My desktop system was installed almost a year ago and recently I could tell there were some registry oddities going on. When I'd launch a movie, a MS PhotoGallery dialog would appear and other strange things. This all happened after I tried a reg cleaner so it's pretty much my fault.

I reinstalled the Desktop and Laptop OS.

Now, doing the exact same things to establish the network before isn't working now. The laptop can ping the desktop and vise versa. When I browse for workgroups, I can see them on there. For whatever reason though, the Desktop can access the My Shared Docs folder on the laptop but I can't access any of the shares on the Desktop from the Laptop.
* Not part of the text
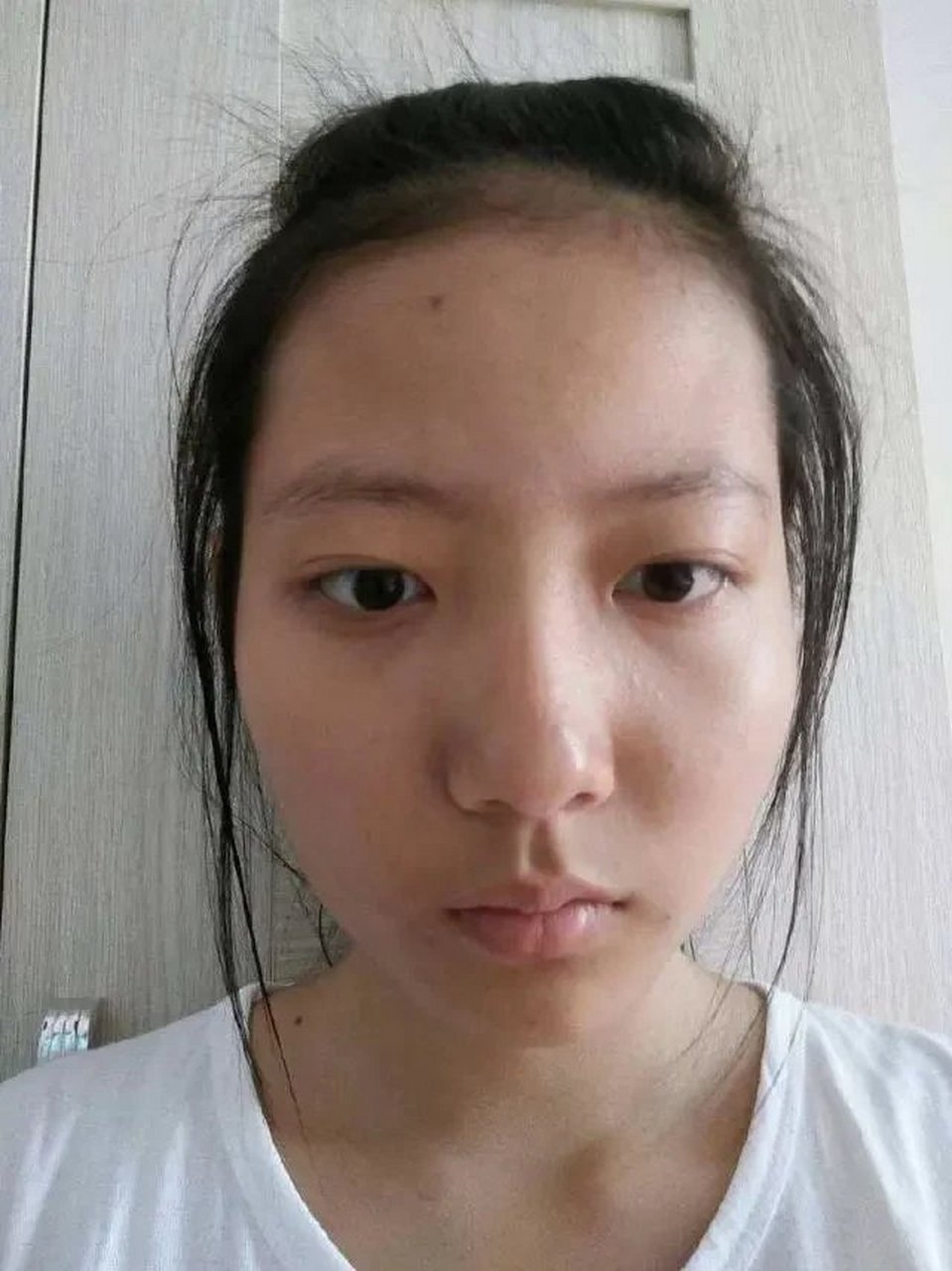 额头偏右上方有三颗呈三角形的痣  此类面相极其罕见,千年难遇.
To be more precise, I'm not getting a dialog box to type in the username or password I've setup. All I get is a long "access denied" dialog.

I'm not running any firewalls and oddly enough, my Xbox which I use as a media client can access the shares on my Desktop normally. For whatever reason though, the laptop can't.

That is I should say, the way I had it setup before with a username/pass account on the Desktop. If I turn on Simple File Sharing on the Desktop and click the "Allow Sharing of Files", my Laptop can magically access the shares, albeit without any kind of password/username input like before.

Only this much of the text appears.